↓

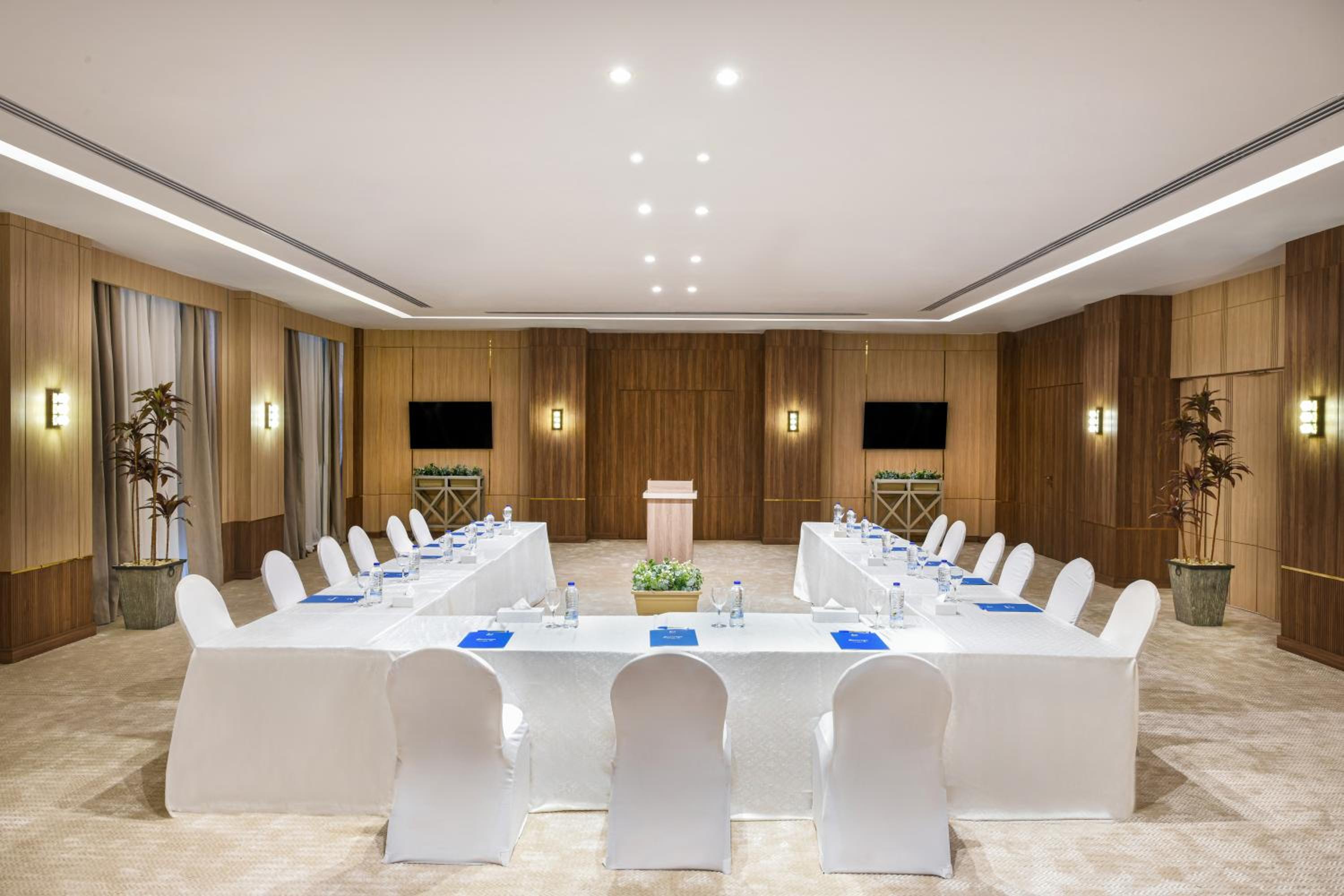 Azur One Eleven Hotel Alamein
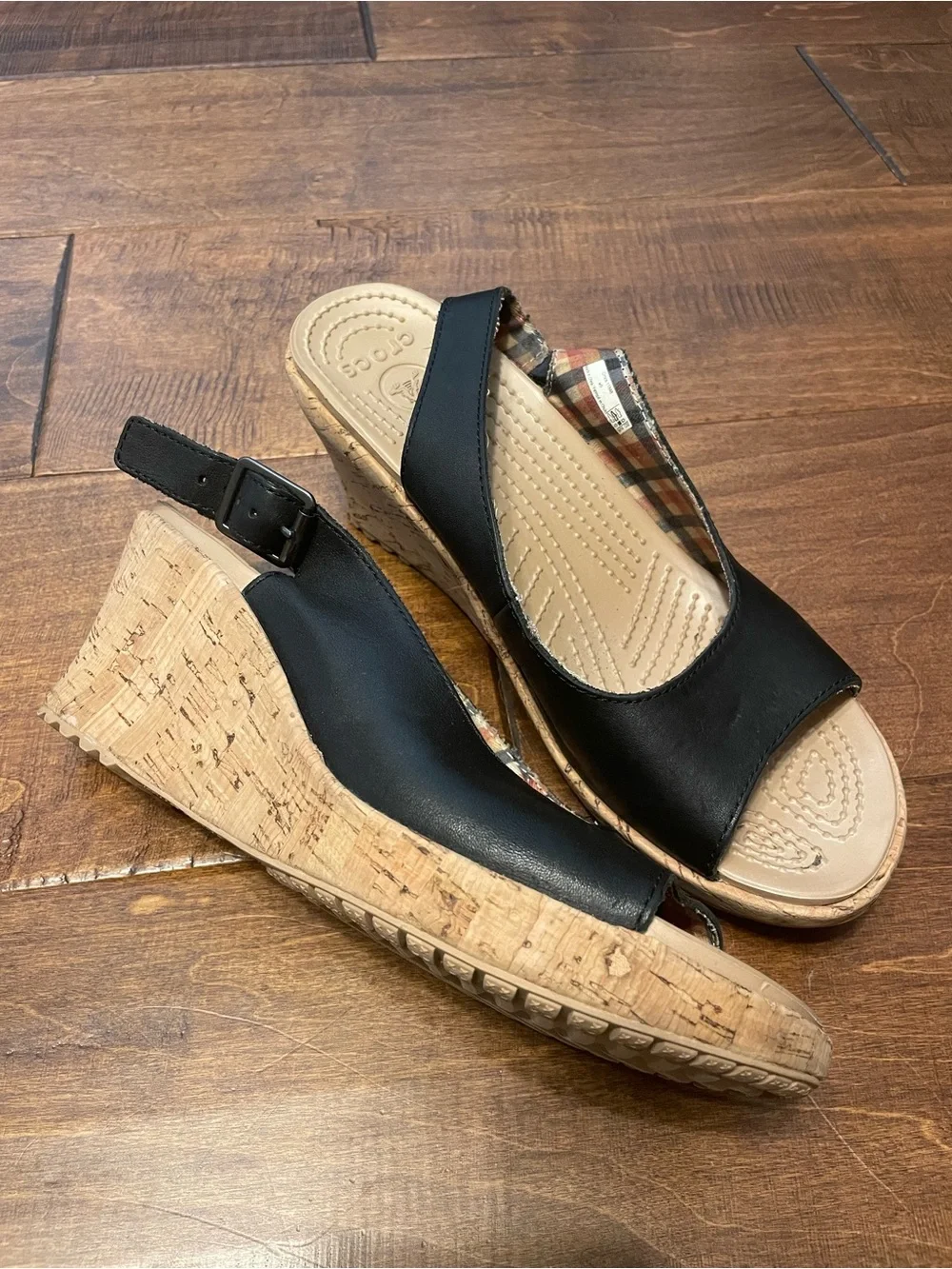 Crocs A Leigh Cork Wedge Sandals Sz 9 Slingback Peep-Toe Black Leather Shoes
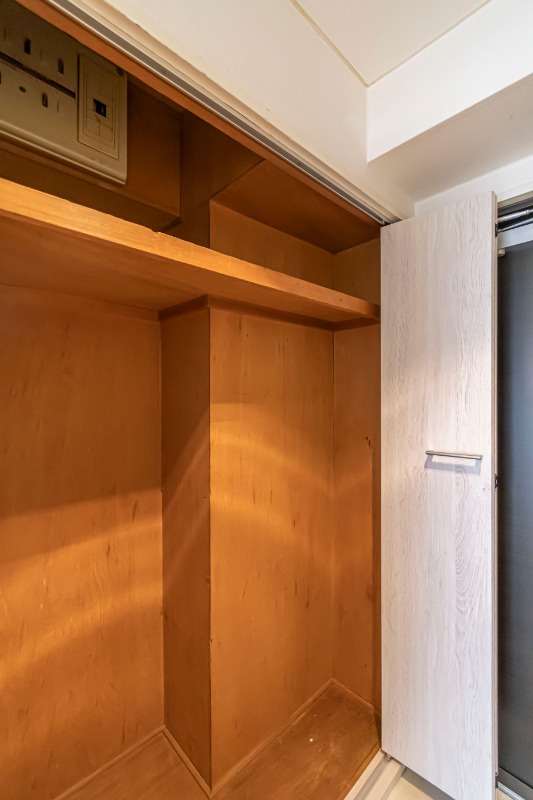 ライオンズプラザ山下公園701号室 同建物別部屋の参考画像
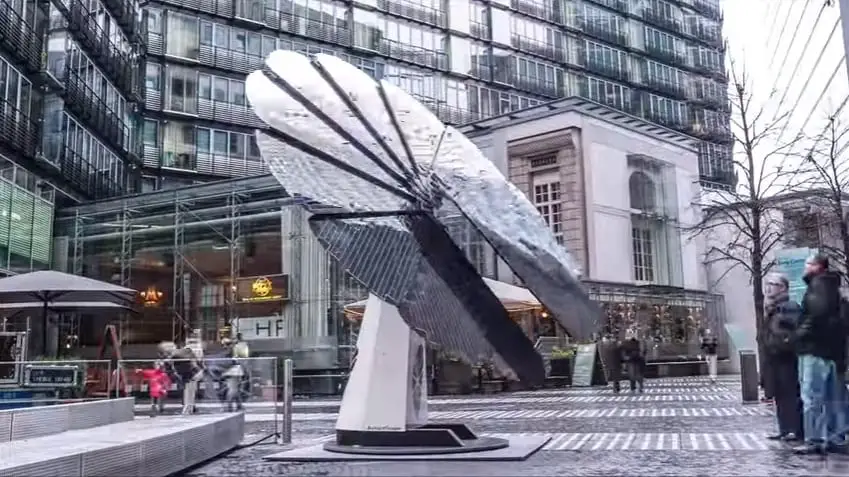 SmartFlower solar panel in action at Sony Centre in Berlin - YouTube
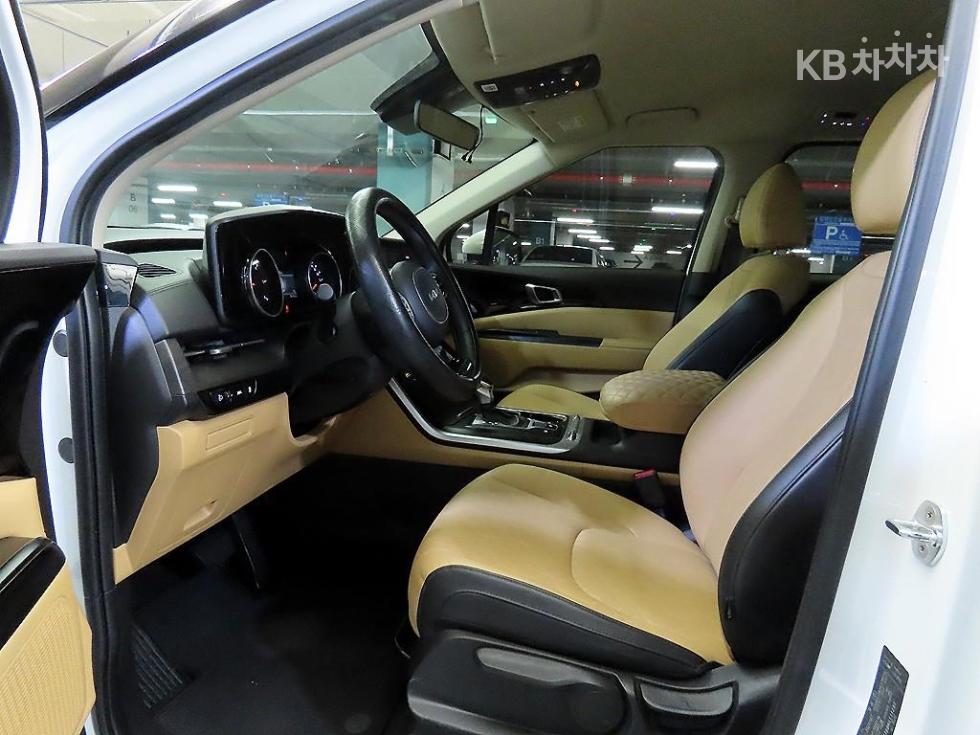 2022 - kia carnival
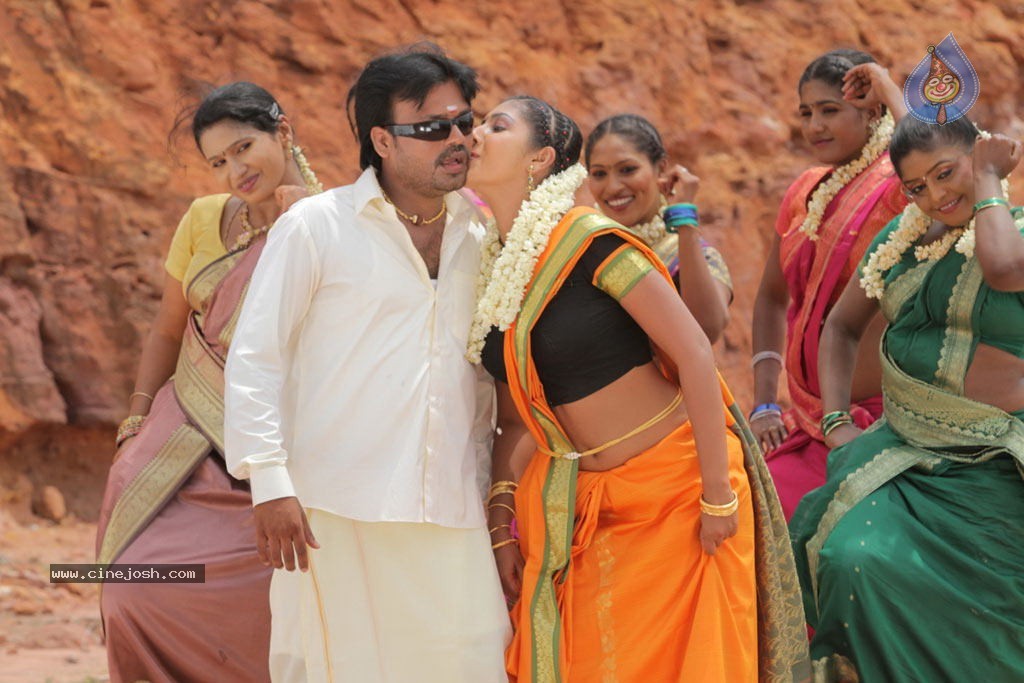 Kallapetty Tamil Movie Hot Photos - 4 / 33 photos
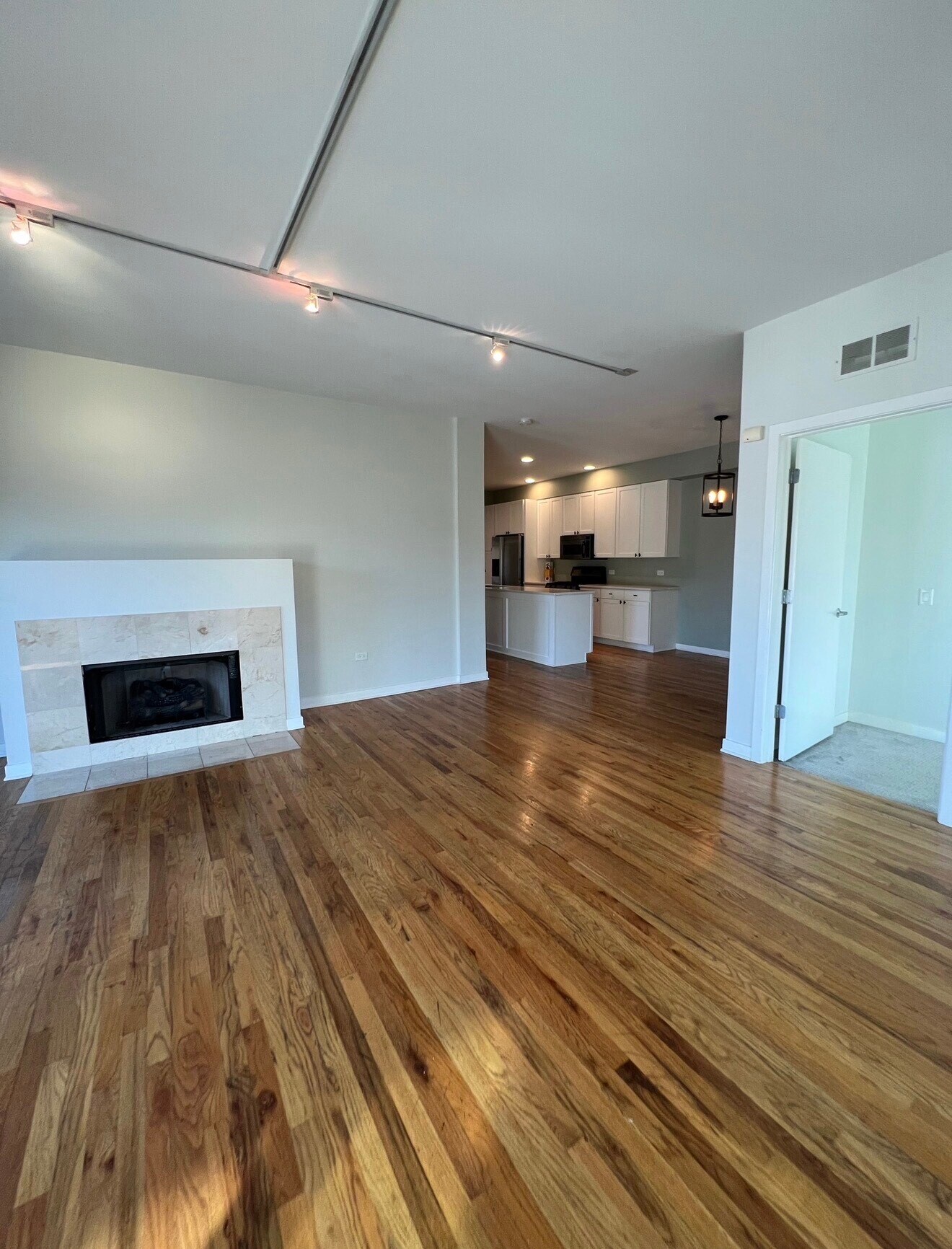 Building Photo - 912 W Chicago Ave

↑

Since only the text is wanted, repeat all the records above exactly and omit the pictures.

**TASK RESPONSE**
 Azur One Eleven Hotel Alamein
 Crocs A Leigh Cork Wedge Sandals Sz 9 Slingback Peep-Toe Black Leather Shoes
 ライオンズプラザ山下公園701号室 同建物別部屋の参考画像
 SmartFlower solar panel in action at Sony Centre in Berlin - YouTube
 2022 - kia carnival
 Kallapetty Tamil Movie Hot Photos - 4 / 33 photos
 Building Photo - 912 W Chicago Ave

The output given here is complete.